Венеция, дрожа от пронизывающего ветра, укуталась поплотнее. Лето кончилось, впереди предстояла одинокая зима в Лондоне. Единственно хорошее, что ее ждало – это воссоединение с Кэт и Ланкастерами. Она вышла в город, чтобы накупить для всех них подарков, на что потратила изрядную сумму из накопленного жалованья, она покупала всякие экстравагантные вещи, которые, она знала, им понравятся, и теперь ей только и оставалось, что все упаковать и быть готовой к отбытию ранним утром. Команда пригласила ее вечером поужинать с ними в качестве почетного гостя, и она приготовила по этому случаю огромный торт-мороженое, на котором написала все их имена, нарисовала маленький кораблик и сделала надпись: «Прощай, «Фиеста»!» По какому-то импульсу Венеция остановилась возле магазина, в котором продавали вина, и выбрала большую бутылку шампанского как свой вклад в общее празднество – может быть, это поможет ей развеселиться сегодня вечером. Нагруженная пакетами, она вернулась на «Фиесту», где все уже деятельно готовились к предстоящему отходу.

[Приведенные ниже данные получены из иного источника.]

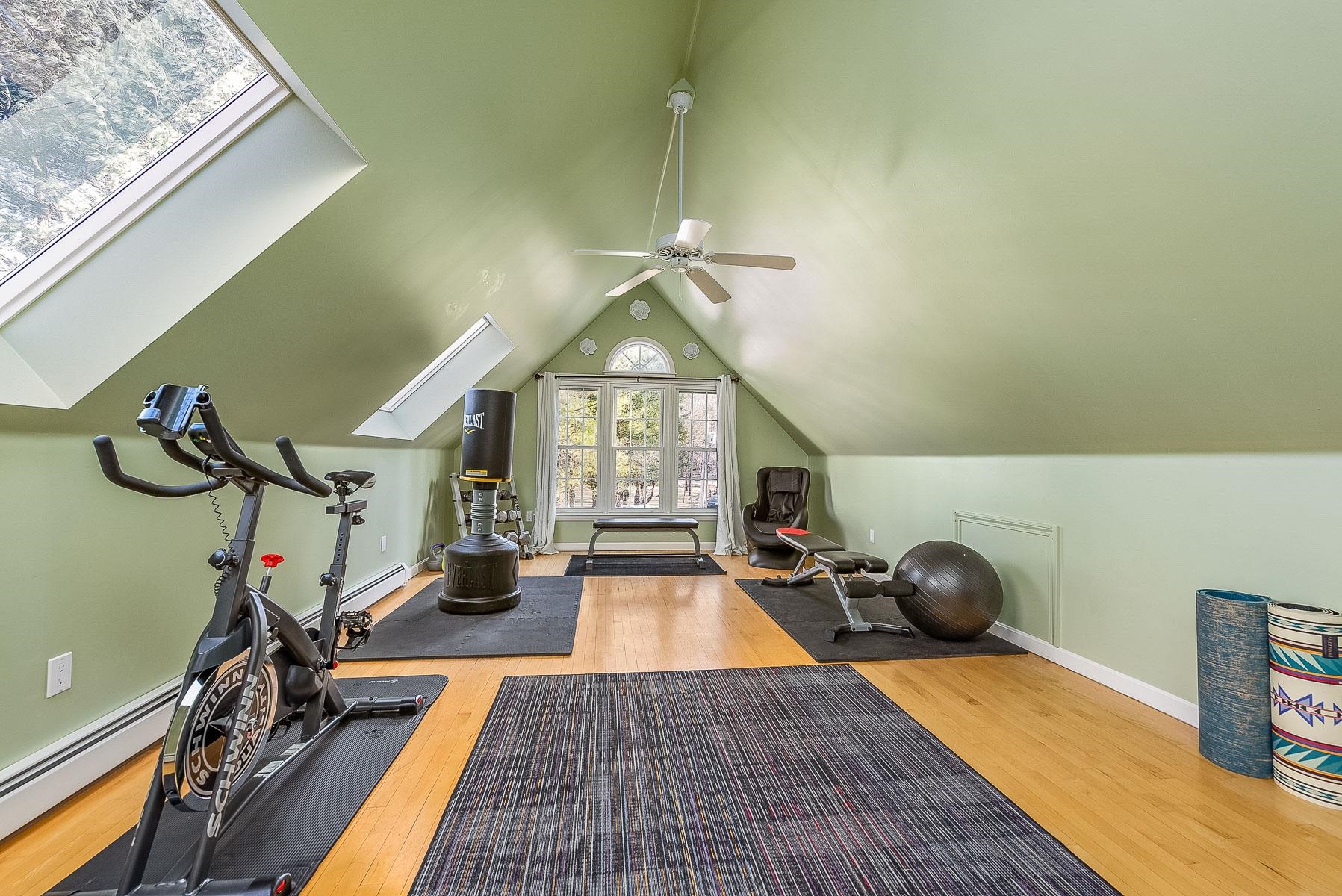 463 Exeter Road Hampton, NH 03842 - Photo 18 of 29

– Здесь мистер МакБейн, – сказал ей капитан, встретив ее на палубе у трапа, – он неожиданно вернулся и спрашивал вас.

Фитц здесь! Ее сердце готово было выпрыгнуть из груди, когда она следовала за капитаном. Почему? Почему он вернулся? Может быть, хотел проверить, все ли в порядке на его великолепной яхте перед тем, как завтра она отойдет в Роттердам на обычный ежегодный осмотр, да, конечно, именно так.

– Идите, идите сразу, мисс, – сказал капитан, принимая от нее пакеты, – я думаю, он хочет вручить вам ваши наградные – мы уже все получили по случаю окончания сезона.

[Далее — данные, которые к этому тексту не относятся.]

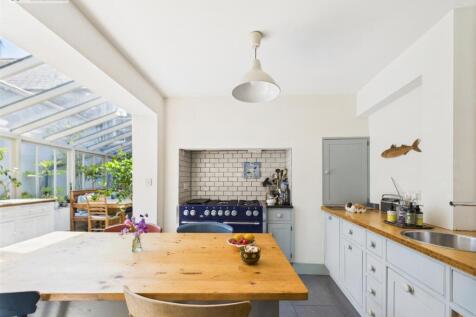 Kitchen Breakfast room ii.jpg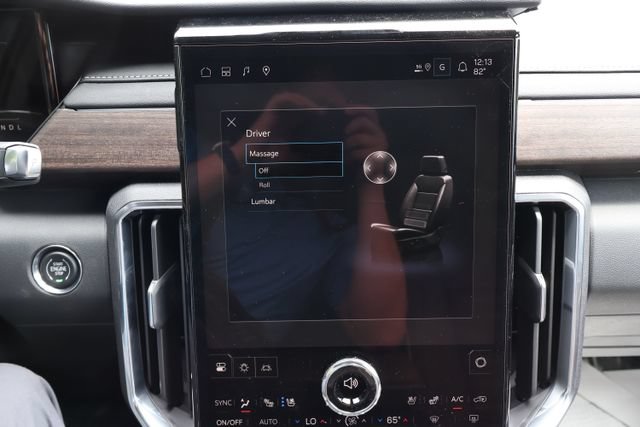 New 2026 GMC Acadia Denali Ultimate w/ LPO, Floor Liner Package AWD/4WD image 12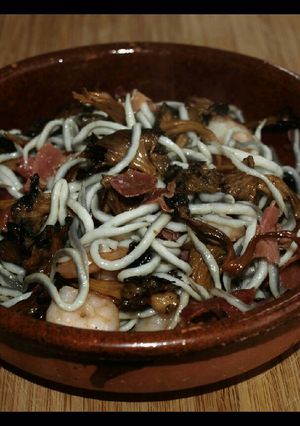 Una foto de Gulas con setas y jamón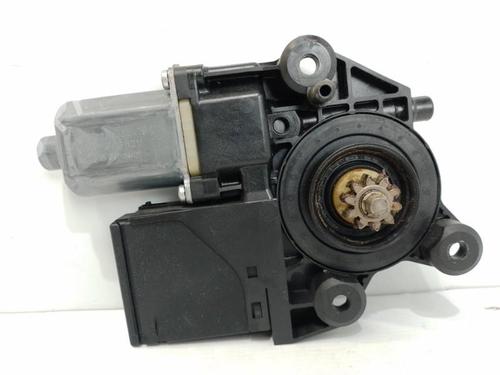 right-front-window-motor-renault-megane-iii-hatchback-bz01_-b3_-2008-37315187 main image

Вот в чем дело… Венеция в отчаянье вздохнула, ища повода уклониться, но так и не нашла. Она все еще оставалась членом его экипажа, и, если капитан приказывает, надо идти. Она пригладила разлохматившиеся волосы, но ветер снова размотал их, к тому же, утром она даже не покрасилась, она, должно быть, выглядит девчонкой лет пятнадцати, особенно глупой в этих синих джинсах. «Стоп! – сказала она себе сердито, у тебя нет никаких оснований быть похожей на самую искушенную женщину Ривьеры – ты есть то, кто ты есть». Распрямив плечи, она гордо зашагала в его кабинет.

Фитц в джинсах и ветровке сидел за столом и читал какие-то бумаги; когда она вошла, он поднял голову. Он выглядел именно так, каким она его запомнила – его глаза были такими же глубокими и синими, и они встретили ее тем же знакомым пронизывающим взглядом, словно он мог читать ее мысли, и, когда он взял ее руку, его рука была такой же твердой, как и запомнилась ей.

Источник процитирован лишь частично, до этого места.